Shared access signatures can be a great way to share files between microservices in a larger application, as well as making files available to end users for download or display in a webpage. But they can cause problems if used incorrectly. So here are a few guidelines I shared with my development team recently, that might be relevant for your projects too.

  1. Prefer to pass around full SAS URIs. Sometimes I see code that passes just the SAS token, and the name of the file, but this means that the consuming code has to make several assumptions to regenerate the full SAS URI, including the name of the Storage Account. This can also cause problems if you want to use the Azure Storage Emulator whose URI structure is different. By providing a full SAS URI, the receiving code can be completely agnostic about where the file is hosted. For example, if it points at an Amazon S3 Bucket instead, your consuming code won't need to change at all.

  2. Keep the lifetime short, (but not too short). Obviously, from a security perspective, you want to keep SAS lifetimes as short as possible. It does need to be at least long enough to allow the recipient to download the item. But if you put a SAS URI in a queue message, then the lifetime of the SAS should not be less than the TTL (time to live) of the queue message. Otherwise, if the message sits in a queue for a couple of days before being read, it will be useless by the time it is consumed.

  3. Avoid long-lived SAS tokens. It can be tempting to create very long-lived SAS tokens if you want to share an item long-term, but this is generally a bad idea. First, the obvious issue is that there is a greater window of time when it could be accessed if it falls into the wrong hands. But second, SAS tokens become invalidated whenever you cycle your Storage Account keys, so the recipient of the SAS token will need a way to refresh it anyway if they really do need long-term access to the file. Which brings us to...

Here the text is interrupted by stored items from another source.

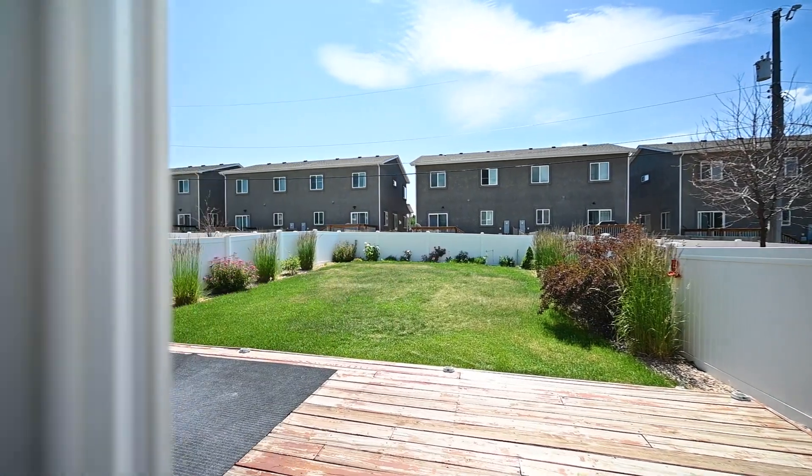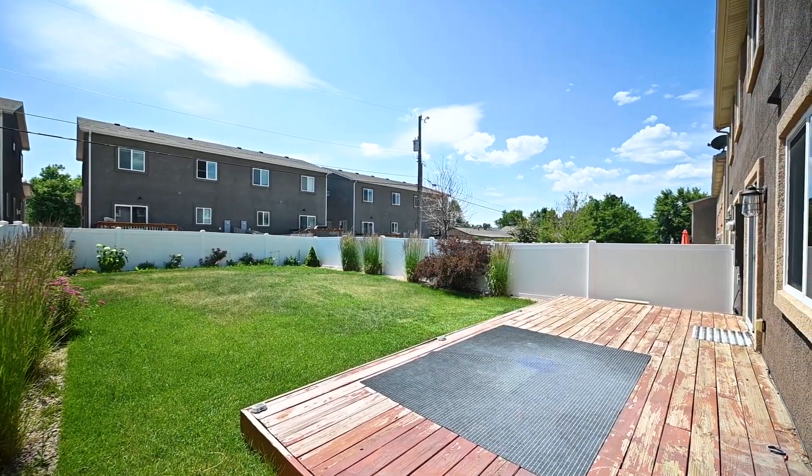In the backyard, you are sure to enjoy the patio with a large grassy lawn and mature landscaping.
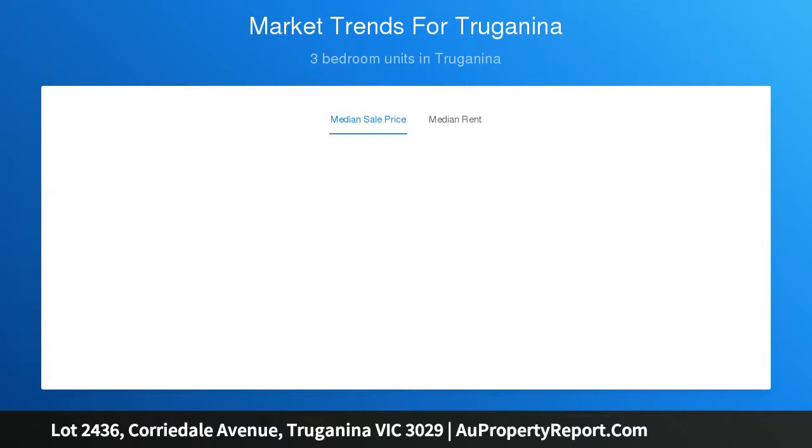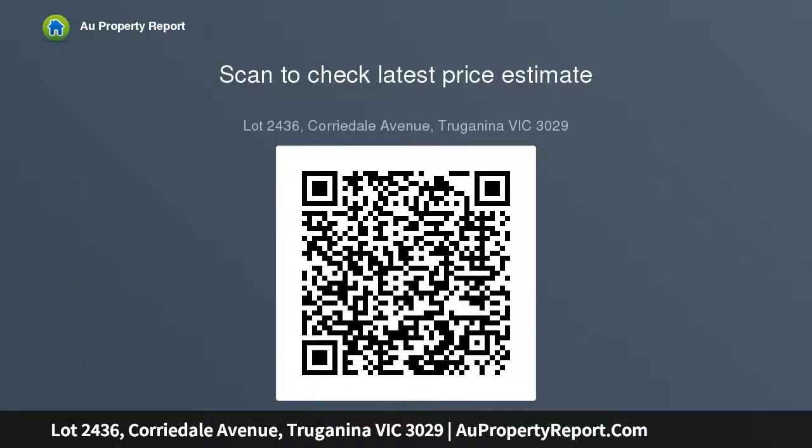This allotment is well-priced and has the advantage of securing the land now with settlement anticipated Q1 2020. Located in Traganina, Elements is the closest new community in the West being only 21 KMS to the Melbourne CBD.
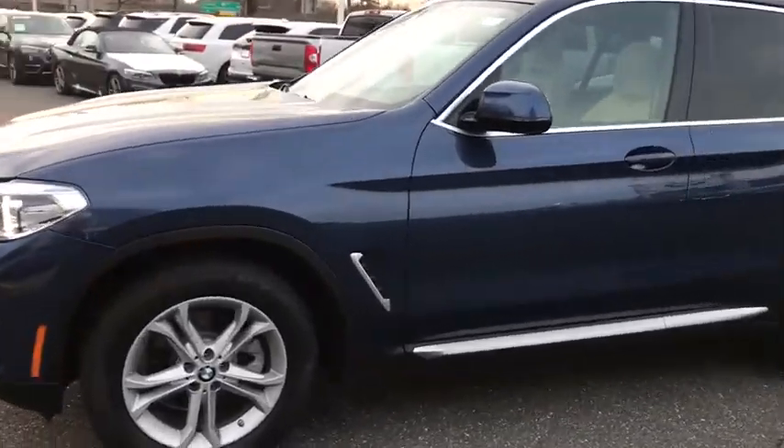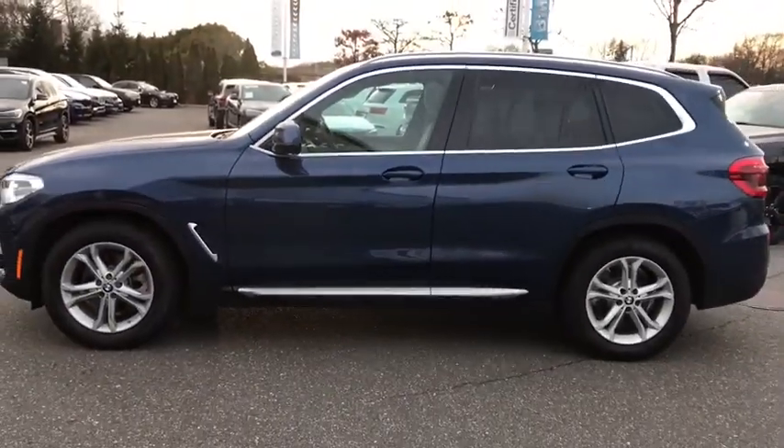This vehicle has less than 5,000 miles. Here are some of this vehicle's great options.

  4. Generate SAS tokens on-demand wherever possible. Generally, rather than creating a long-lived SAS token and storing it in a database, it's better to have an on-demand process for generating a SAS token at the point the blob access is needed. This allows you to keep the durations short.

  5. Don't bother retrying access denied errors. If you're writing code that attempts to use a SAS URI, and you get access denied, consider it a fatal error - it more than likely means it has expired. (BTW, when I create a SAS token I usually set the start time to five minutes ago, to minimize the chance that system clock inaccuracy results in a SAS token that isn't valid yet)

  6. Avoid issuing container-level SAS tokens. Obviously this one depends on what else might be in the container, but generally it's better to use the principle of "least privilege", and generate a SAS token only for the specific blobs that are required. I'd like to see a SAS feature in the future where you could grant access with a wildcard to all blobs matching a prefix, but I don't think that is currently possible. (If you do need to create a container level SAS token, you I created a tutorial here)

  7. Never write SAS tokens into log messages. Log messages are seen by support staff, who should not have access to private customer data. I like to strip off the SAS token portion of the URI before writing it to the logs, allowing support to see which file had a problem, but not the contents of the file.